● How to complete this task
The records are set out below this line. Return exactly the lines from the one containing "It expresses hormonal" through the last, and exclude the pictures.

=======

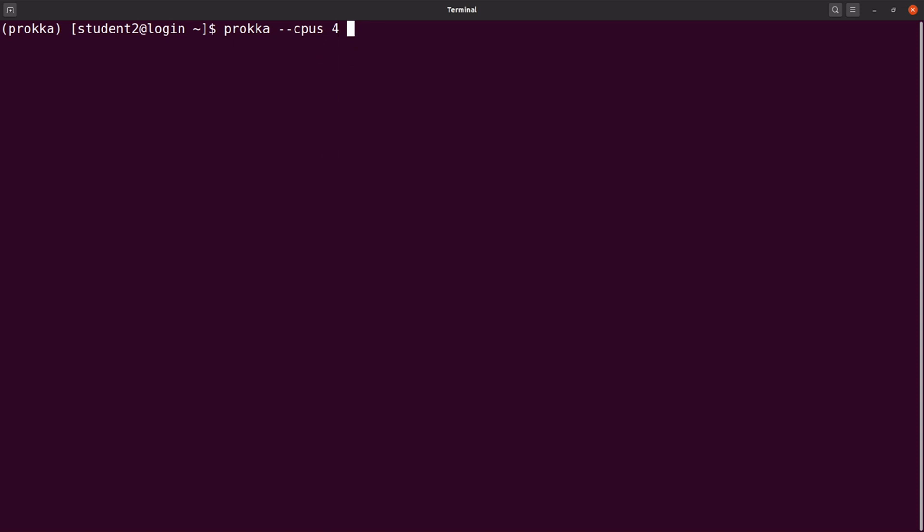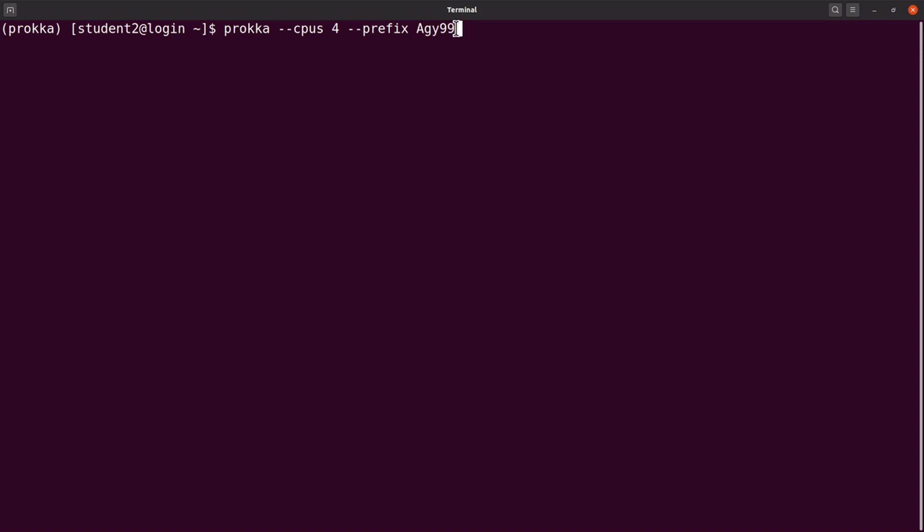We also specify prefix. We have the prefix here. Let's say this annotation process. The prefix allows all output files to have agy99 in their names in addition to their respective file extensions.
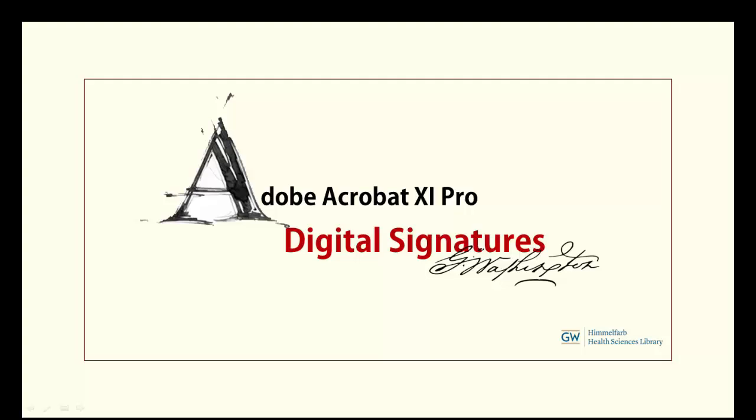Welcome to this tutorial covering how to create digital signatures in Adobe Acrobat 11 Pro. This tutorial assumes basic familiarity with the Acrobat program.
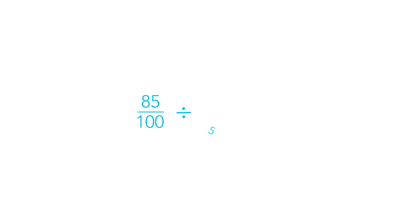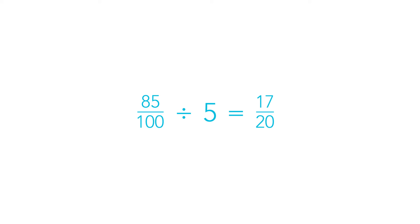I can see that 85 and 100 are both multiples of 5. 85 divided by 5 equals 17, and 100 divided by 5 equals 20. So 85% as a fraction is 17 over 20.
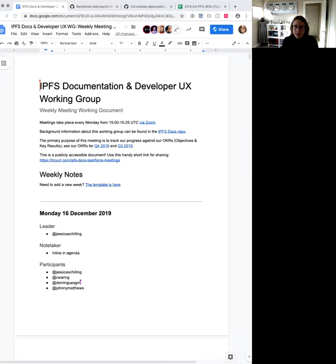Greetings people of all ages and welcome to the Monday, 16th December 2019 meeting of the IPFS documentation and developer UX working group. I am your official unofficial leader Jessica Schilling. You can find more information about this call by checking our GitHub repo at github.com/IPFS/Docs, which also includes a link to the document we'll be going through during this meeting. I'll start by sharing my screen.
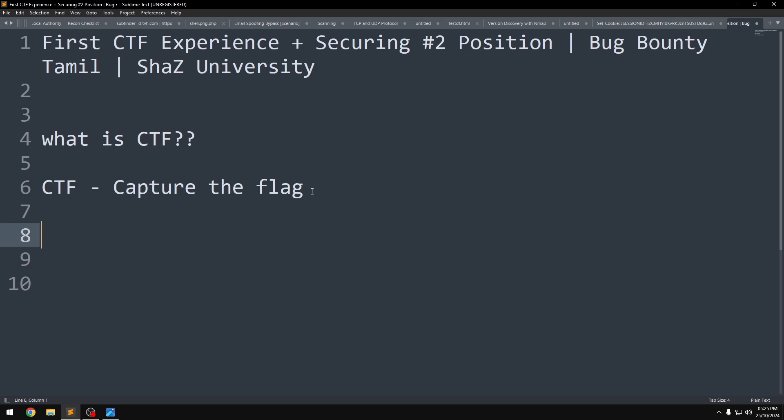Challenges range from easy to hard. The harder the challenge, the more points it is worth. If you solve any part of a challenge, you can score points. At the end of the competition, whoever has the most points is the winner of the CTF competition.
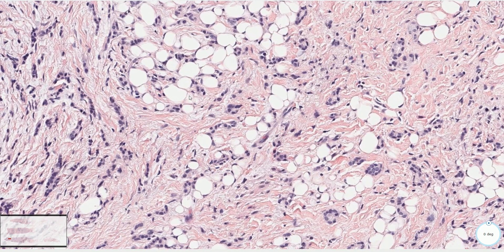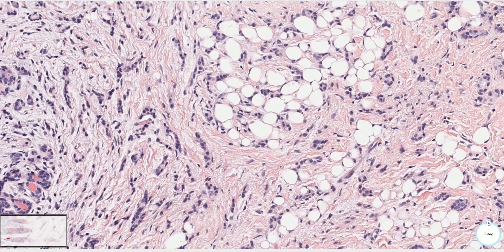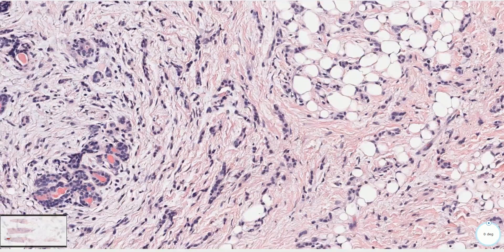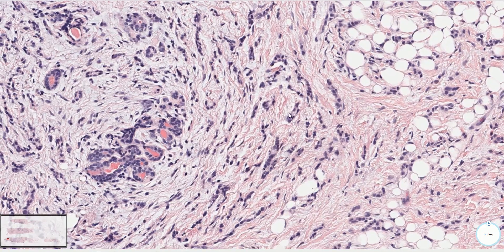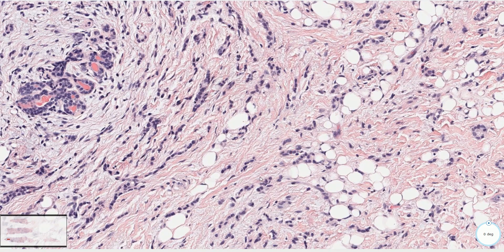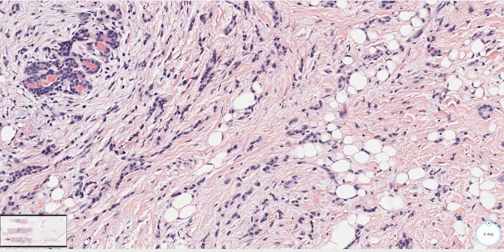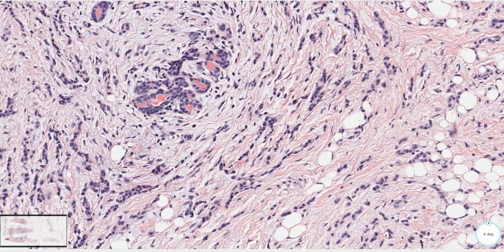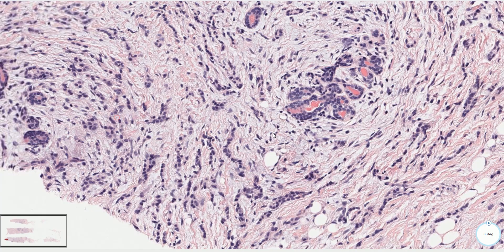It expresses hormonal receptors — estrogen receptors and progesterone receptors — and HER2 is typically negative. Both components are positive for E-cadherin, unlike lobular carcinoma which is also a differential diagnosis.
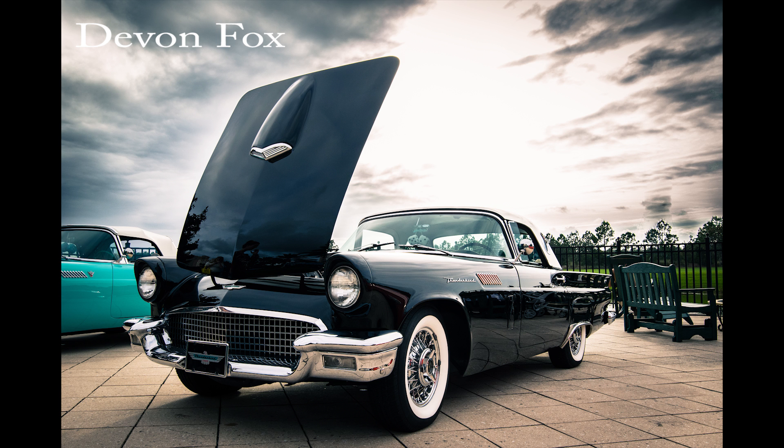So that is the winner Devin Fox and I am going to put some other information down into the description if you want to see some of his other work because it was actually really, really good.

=======

● Task answer
It expresses hormonal receptors — estrogen receptors and progesterone receptors — and HER2 is typically negative. Both components are positive for E-cadherin, unlike lobular carcinoma which is also a differential diagnosis.
So that is the winner Devin Fox and I am going to put some other information down into the description if you want to see some of his other work because it was actually really, really good.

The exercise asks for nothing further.